Forensic clarity is needed. The whistleblower’s specifics — amounts, dates, named intermediaries, even the suggested price paid for rustled cattle — are evidence that requires verification. Independent investigators must cross check phone records, procurement logs, vehicle registration documents and payments to determine whether state resources were diverted to armed groups.
Journalists and prosecutors alike should seek documentary proof of the alleged transfer of 36 Hilux pickups and any procurement orders linked to state coffers.
Previous reporting has both alleged vehicle dashes to bandits and recorded denials from government offices, so documentary work will be decisive.
There is also a political dimension that cannot be ignored. The whistleblower claims Matawalle used his influence over bandit networks to deliver votes in 2023 and plans to do so again in 2027.
Vote coercion by armed groups would fundamentally undermine the integrity of Nigeria’s electoral process and would require swift response from the Independent National Electoral Commission and security agencies.
If proved, such a scheme would demand criminal investigations into electoral offences as well as into the underlying security breaches.

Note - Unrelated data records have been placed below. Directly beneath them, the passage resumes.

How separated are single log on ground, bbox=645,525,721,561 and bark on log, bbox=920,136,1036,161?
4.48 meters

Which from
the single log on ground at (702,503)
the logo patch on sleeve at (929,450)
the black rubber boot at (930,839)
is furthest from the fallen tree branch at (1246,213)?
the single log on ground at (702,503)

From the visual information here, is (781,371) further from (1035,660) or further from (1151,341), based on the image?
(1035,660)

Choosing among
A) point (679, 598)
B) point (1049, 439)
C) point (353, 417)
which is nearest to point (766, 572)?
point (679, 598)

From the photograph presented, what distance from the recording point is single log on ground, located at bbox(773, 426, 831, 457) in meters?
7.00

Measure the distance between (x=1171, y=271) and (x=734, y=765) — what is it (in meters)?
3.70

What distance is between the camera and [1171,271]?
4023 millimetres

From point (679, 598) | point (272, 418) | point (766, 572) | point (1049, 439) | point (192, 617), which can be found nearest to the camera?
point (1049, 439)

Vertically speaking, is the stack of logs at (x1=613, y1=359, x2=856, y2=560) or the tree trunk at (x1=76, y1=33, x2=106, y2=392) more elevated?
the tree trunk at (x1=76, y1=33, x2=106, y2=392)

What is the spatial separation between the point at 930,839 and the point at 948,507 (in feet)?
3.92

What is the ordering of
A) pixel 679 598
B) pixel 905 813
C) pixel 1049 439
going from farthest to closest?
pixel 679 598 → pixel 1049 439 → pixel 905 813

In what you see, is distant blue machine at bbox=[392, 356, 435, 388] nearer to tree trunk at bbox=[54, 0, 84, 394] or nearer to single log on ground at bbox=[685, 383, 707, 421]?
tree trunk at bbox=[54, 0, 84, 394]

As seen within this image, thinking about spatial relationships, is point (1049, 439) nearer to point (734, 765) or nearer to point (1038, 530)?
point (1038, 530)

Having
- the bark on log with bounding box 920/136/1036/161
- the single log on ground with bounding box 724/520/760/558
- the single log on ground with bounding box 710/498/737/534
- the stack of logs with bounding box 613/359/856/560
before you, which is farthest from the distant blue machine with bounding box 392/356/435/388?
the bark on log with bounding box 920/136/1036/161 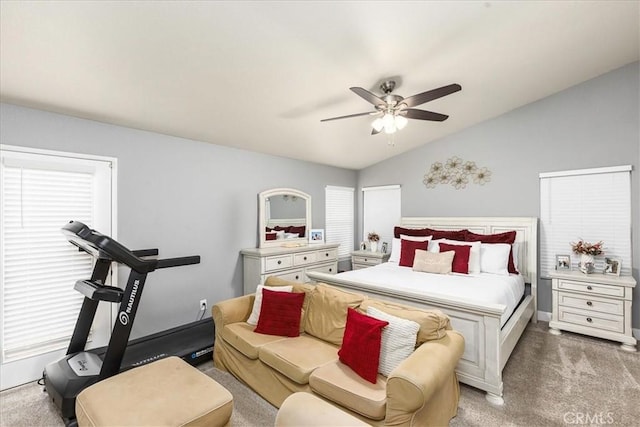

What must happen next is plain.
The allegations should be independently investigated by a properly empowered body free from political interference. Parliament should consider formal hearings.
Security agencies must publish what they know about the claimed vehicle transfers and the continuing communication lines alleged by the source.
Above all the families of victims of banditry and those fearful of future attacks deserve transparency and tangible steps to dismantle any nexus between officials and armed criminals. The nation’s security cannot be rebuilt on denial or on selective prosecutions.
This is an exclusive set of allegations with immense implications for national security and democratic integrity. They deserve to be treated without fear or favour and with the professional rigour that a country in crisis must insist on.
Only a full, public accounting can restore confidence and ensure that the violence consuming communities in the Northwest is neither enabled nor tolerated by those charged with defending the state.